Does anyone can tell me how can I improve my broadband speed.

One more thing, is there any difference in 900 UL & 900 UL Plus?


----------



## sam_1710 (Dec 10, 2006)

firstly wat are you downloading??? and how??
(hmmm... you talking bout port forwarding??)


----------



## n2casey (Dec 10, 2006)

I use opera & mozila for downloading. I download trial versions, free versions of softwares (large in size too e.g. Acronis True Image, Auto Patcher Full etc.).
I know there is another thread running for such prob but the only advice given there is to use torrents. I don't want torrents for d/l.

One more thing to mention here. I have connected my ADSL Router (SmartAX MT882) with USB & it is showing that the USB connection has limited or no connectivity. Then also I m able to connect & d/l at 12-13 KBps.


----------



## Choto Cheeta (Dec 10, 2006)

sam_1710 said:
			
		

> firstly wat are you downloading??? and how??



right question...  



> I got was to configure modem somewhat like using IP 196.168.1.1/2 .... but it doesn't work coz that IP was not found over the net.



whats ur connection interface LAN or USB ??

in any way Go to network connection and then asign the IP addresses in LAN adopter whether its Ethernet or USB...

IP - 192.168.1.xx (any number apart from 0 and 1 and up to 255)
Subnet - 255.255.255.0
Default Getway - 192.168.1.1

Primary DNS - 61.0.0.5
Alternet DNS - 61.1.96.71

now u should be able to access the configuration panel (*192.168.1.1/)...


----------



## n2casey (Dec 10, 2006)

saurav_cheeta said:
			
		

> IP - 192.168.1.xx (any number apart from 0 and 1 and up to 255)
> 
> now u should be able to access the configuration panel (*192.168.1.1/)...




That works Saurav. I assigned xx other than 0 & 1, & it works. When I was searching I got the solution as assigning xx as 1, & that was making a prob.
Anyway , thx for help. I will check my speed & will tell later about it.


----------



## Choto Cheeta (Dec 10, 2006)

> When I was searching I got the solution as assigning xx as 1, & that was making a prob.
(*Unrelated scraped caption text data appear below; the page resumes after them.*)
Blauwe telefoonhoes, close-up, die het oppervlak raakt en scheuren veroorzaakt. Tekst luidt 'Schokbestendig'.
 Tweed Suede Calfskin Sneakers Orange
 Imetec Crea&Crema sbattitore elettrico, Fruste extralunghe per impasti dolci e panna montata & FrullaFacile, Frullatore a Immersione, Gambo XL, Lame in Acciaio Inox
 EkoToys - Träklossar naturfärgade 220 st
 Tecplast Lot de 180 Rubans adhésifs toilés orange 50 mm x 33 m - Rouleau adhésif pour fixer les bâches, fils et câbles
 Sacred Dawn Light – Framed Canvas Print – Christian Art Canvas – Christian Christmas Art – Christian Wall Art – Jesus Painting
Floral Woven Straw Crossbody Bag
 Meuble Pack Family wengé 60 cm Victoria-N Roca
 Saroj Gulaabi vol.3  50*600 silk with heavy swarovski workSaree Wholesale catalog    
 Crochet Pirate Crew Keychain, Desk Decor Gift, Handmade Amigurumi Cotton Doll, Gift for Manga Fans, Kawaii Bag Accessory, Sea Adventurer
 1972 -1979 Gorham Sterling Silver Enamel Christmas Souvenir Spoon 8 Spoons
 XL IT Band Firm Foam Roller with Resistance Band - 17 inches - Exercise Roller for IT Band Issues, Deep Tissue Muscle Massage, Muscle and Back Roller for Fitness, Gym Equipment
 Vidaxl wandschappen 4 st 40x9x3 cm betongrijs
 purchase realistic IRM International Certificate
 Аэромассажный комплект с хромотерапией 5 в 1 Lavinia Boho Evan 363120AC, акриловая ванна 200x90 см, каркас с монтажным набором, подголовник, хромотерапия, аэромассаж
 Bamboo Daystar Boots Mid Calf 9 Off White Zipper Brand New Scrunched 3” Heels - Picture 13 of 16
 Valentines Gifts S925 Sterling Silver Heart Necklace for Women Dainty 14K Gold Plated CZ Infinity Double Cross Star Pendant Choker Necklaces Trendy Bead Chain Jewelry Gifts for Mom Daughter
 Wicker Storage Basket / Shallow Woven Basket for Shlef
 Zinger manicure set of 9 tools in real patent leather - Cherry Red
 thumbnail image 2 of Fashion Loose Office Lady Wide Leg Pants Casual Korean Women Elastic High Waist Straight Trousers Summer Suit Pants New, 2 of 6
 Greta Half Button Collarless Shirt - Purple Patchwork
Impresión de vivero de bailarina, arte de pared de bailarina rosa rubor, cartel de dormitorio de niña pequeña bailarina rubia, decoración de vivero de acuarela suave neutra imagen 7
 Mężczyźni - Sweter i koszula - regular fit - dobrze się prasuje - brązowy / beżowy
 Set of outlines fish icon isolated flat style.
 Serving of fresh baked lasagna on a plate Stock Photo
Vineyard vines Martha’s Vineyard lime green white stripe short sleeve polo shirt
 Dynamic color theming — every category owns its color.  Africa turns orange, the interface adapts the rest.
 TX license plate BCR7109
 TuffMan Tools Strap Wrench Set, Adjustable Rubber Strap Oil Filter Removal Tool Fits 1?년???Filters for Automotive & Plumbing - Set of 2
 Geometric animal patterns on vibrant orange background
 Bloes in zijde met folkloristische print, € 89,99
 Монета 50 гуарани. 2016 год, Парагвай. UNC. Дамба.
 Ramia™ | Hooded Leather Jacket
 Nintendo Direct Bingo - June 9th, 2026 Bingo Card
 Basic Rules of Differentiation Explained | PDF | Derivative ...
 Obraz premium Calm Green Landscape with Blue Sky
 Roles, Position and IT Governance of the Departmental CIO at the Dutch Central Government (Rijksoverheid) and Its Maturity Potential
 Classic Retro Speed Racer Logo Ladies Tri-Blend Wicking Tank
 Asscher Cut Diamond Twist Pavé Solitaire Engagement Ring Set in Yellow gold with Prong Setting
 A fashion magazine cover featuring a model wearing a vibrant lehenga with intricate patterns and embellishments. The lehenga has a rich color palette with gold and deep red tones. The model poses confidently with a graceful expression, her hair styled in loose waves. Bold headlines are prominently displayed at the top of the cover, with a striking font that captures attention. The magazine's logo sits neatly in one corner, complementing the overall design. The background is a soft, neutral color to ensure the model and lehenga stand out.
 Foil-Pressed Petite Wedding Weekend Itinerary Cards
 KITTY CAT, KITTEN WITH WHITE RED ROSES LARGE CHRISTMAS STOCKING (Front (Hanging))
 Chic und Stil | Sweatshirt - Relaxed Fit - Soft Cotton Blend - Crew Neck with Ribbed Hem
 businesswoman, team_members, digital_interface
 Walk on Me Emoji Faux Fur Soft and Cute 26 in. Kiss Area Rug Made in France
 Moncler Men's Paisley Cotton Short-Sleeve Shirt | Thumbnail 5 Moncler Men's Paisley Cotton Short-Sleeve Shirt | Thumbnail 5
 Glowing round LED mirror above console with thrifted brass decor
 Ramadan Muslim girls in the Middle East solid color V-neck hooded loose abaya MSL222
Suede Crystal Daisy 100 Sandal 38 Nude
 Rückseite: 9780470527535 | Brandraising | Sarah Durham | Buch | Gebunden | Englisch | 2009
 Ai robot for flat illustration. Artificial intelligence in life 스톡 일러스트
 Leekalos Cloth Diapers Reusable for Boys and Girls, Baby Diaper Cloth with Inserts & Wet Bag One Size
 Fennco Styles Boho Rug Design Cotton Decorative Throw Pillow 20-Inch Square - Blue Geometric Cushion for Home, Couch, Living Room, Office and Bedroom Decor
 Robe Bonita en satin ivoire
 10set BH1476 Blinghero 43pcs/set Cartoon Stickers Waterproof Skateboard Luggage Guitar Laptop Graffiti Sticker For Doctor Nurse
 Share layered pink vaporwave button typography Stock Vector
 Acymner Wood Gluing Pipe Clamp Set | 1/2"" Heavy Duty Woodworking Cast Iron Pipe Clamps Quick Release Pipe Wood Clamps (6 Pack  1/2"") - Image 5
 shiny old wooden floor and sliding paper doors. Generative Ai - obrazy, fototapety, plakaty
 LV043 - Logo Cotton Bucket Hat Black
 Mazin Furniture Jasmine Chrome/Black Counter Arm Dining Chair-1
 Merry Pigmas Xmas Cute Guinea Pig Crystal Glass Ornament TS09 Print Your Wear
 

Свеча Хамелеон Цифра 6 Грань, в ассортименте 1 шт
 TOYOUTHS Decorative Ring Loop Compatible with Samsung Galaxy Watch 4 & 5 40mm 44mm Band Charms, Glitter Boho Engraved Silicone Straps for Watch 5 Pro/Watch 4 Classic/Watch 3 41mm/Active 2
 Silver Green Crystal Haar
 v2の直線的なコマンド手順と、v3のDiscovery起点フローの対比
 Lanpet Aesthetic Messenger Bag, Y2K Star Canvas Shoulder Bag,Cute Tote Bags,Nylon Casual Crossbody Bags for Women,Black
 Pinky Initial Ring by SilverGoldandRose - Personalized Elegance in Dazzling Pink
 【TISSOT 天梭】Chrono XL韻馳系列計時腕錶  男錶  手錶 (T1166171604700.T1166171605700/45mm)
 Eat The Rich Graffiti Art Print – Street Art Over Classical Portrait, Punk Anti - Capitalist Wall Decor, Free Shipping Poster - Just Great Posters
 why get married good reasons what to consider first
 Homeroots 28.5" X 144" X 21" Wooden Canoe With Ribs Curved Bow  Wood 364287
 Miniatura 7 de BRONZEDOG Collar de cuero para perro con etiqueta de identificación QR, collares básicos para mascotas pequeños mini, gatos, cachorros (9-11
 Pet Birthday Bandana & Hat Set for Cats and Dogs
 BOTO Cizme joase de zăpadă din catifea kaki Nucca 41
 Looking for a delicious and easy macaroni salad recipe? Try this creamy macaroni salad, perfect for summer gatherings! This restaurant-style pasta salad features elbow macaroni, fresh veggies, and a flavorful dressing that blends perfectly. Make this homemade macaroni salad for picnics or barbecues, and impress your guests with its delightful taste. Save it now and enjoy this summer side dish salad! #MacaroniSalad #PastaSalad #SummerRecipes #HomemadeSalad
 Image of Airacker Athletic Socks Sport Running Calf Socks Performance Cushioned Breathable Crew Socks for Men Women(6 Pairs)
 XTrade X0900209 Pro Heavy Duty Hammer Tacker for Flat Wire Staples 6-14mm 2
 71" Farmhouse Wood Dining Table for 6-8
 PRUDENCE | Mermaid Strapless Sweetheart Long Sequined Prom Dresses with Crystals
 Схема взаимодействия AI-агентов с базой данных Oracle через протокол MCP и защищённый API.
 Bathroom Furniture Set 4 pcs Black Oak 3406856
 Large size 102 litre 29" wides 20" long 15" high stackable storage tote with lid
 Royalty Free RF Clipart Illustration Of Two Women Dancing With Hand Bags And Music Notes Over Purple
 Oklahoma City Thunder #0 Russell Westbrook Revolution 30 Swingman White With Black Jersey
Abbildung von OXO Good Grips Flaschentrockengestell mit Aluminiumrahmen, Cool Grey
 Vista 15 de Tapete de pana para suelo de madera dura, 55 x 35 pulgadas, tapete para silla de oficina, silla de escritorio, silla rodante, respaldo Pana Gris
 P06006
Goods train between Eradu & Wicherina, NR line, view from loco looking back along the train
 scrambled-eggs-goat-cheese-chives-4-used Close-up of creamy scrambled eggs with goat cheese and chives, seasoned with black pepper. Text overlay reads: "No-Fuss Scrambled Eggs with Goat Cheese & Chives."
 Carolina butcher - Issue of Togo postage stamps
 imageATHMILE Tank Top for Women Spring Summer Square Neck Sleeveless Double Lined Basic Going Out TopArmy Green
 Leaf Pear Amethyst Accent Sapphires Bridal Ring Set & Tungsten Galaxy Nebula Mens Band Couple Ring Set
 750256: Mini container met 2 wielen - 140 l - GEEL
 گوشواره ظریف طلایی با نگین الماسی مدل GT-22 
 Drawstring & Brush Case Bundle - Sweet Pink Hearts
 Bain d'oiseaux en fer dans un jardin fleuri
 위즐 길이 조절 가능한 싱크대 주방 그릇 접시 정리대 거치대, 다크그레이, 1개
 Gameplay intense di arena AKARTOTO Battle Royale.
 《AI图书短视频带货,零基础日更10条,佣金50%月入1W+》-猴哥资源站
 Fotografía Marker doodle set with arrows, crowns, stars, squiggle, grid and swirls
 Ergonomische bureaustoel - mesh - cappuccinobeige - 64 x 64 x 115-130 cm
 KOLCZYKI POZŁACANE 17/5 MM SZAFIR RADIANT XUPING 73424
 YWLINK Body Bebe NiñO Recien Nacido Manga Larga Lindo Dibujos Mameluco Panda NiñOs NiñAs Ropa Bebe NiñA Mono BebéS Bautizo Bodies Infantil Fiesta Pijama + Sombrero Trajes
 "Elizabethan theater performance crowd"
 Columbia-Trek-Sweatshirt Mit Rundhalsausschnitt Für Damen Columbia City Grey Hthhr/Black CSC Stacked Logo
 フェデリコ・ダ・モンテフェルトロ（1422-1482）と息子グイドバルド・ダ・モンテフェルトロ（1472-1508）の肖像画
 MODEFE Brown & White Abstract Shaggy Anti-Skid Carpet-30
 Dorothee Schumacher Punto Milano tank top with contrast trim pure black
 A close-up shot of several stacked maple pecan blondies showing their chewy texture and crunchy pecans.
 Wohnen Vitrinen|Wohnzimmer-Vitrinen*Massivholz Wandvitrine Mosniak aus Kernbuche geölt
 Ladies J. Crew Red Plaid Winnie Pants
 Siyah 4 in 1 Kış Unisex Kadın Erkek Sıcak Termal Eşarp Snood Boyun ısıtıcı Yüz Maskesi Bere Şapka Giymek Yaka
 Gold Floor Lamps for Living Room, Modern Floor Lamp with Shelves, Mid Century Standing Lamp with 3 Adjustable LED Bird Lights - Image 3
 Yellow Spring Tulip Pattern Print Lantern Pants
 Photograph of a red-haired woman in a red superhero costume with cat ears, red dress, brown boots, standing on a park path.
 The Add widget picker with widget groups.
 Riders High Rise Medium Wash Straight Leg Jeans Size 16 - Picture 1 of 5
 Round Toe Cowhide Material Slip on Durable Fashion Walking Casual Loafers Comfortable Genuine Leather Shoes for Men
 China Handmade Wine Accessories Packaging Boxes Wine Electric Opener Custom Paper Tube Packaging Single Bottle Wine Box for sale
well *192.168.1.1* is the default IP of the Modems which comes with BSNL... so yeah its suppose to couse IP conflict...


----------



## n2casey (Dec 10, 2006)

OK. I accessed configuration panel & checked the settings.

Suggested settings to increase speed, r

PVC Number - PVC-0
Wan Type - RFC2684Bridged
VPI/VCI - 0/35
Encap. - LLC

but my modem have all these settings so nothing to b change & still the d/l speed is 12-13 KBps.

Now what can I do to increase the speed?


----------



## Choto Cheeta (Dec 11, 2006)

> but my modem have all these settings so nothing to b change & still the d/l speed is 12-13 KBps.



test with many sites and many type of download...

make sure u r using a Download Manager for this tests.. use Symantec (Download the offline update) or Microsoft (Windows Media player) or Google (Google earth) to test ur speed...

ping BSNL DNS, 61.1.96.71, 61.0.0.5 to see whether u r facing any data loss or not...

....

as if all these tests results comes -ve u dont have much option rather fileing a complain at BSNL's end...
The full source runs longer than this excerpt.